*** Exercise data Section Begins ***

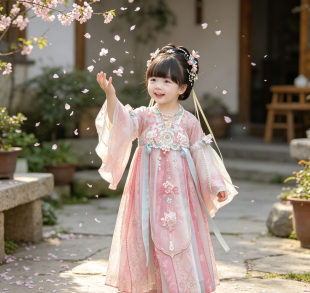 汉服女童2026春秋款儿童高端仙气古装连衣裙小女孩嫦娥仙子公主裙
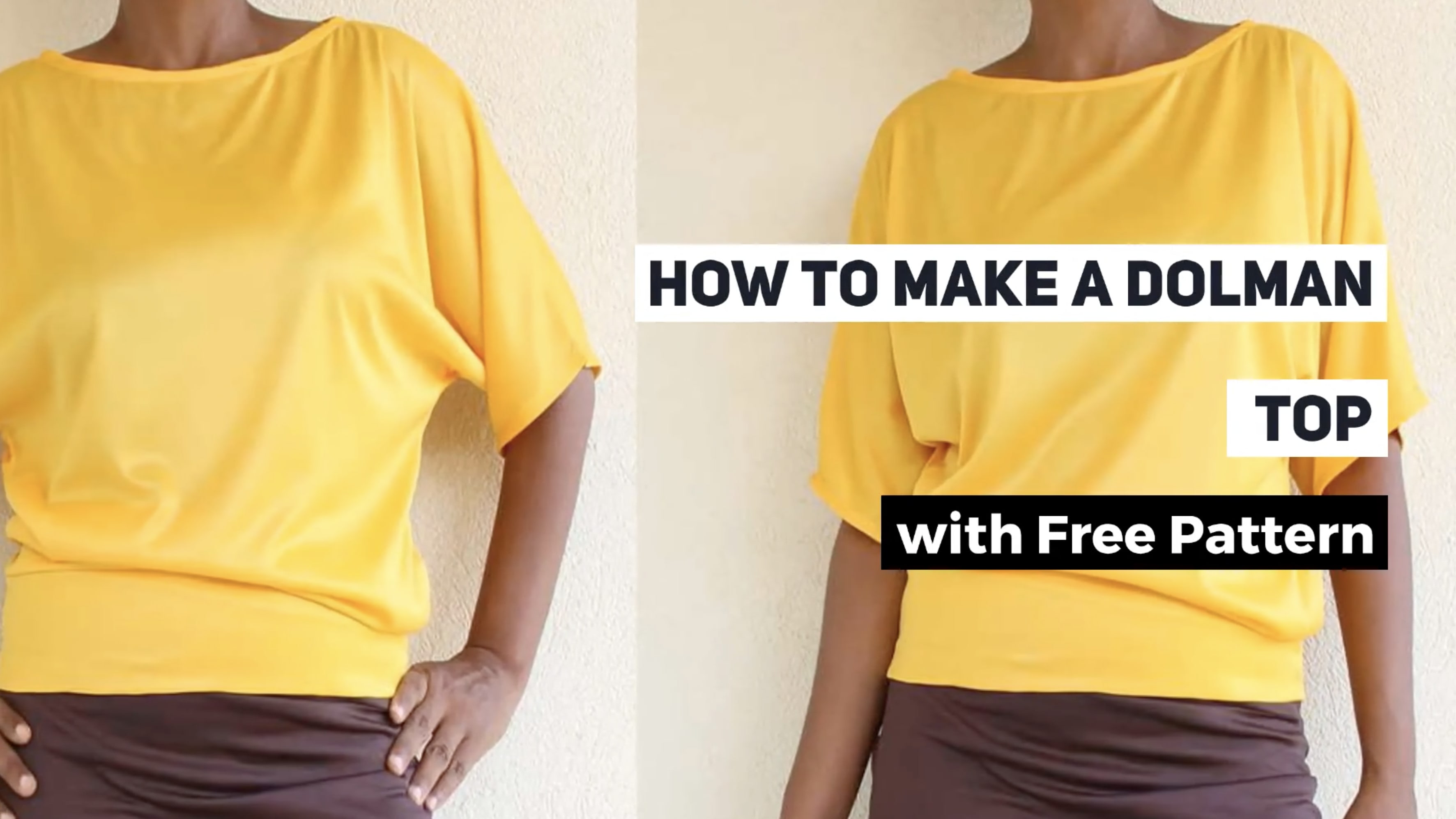 How To Make A Dolman Top With Free Pattern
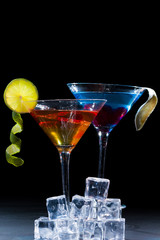 Martini cocktail at the beach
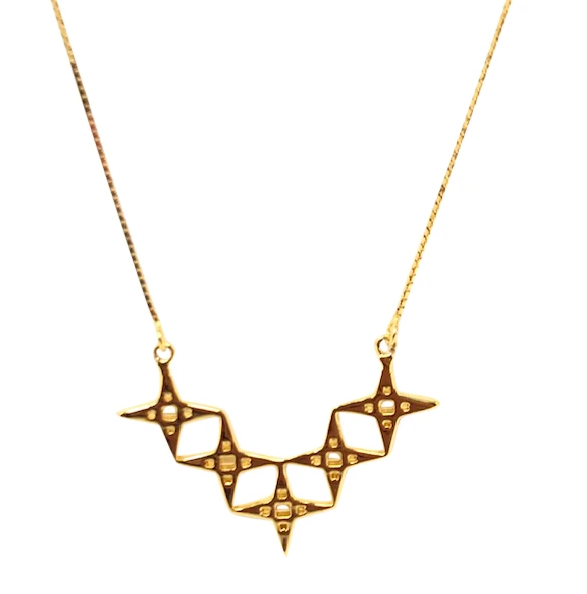 Lindi Kingi Alignment Necklace - Gold Plate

*** Exercise data Section Ends ***

*What you should do*
The material above should be repeated word for word, with every picture omitted.

*Exercise answer*
 汉服女童2026春秋款儿童高端仙气古装连衣裙小女孩嫦娥仙子公主裙
 How To Make A Dolman Top With Free Pattern
 Martini cocktail at the beach
 Lindi Kingi Alignment Necklace - Gold Plate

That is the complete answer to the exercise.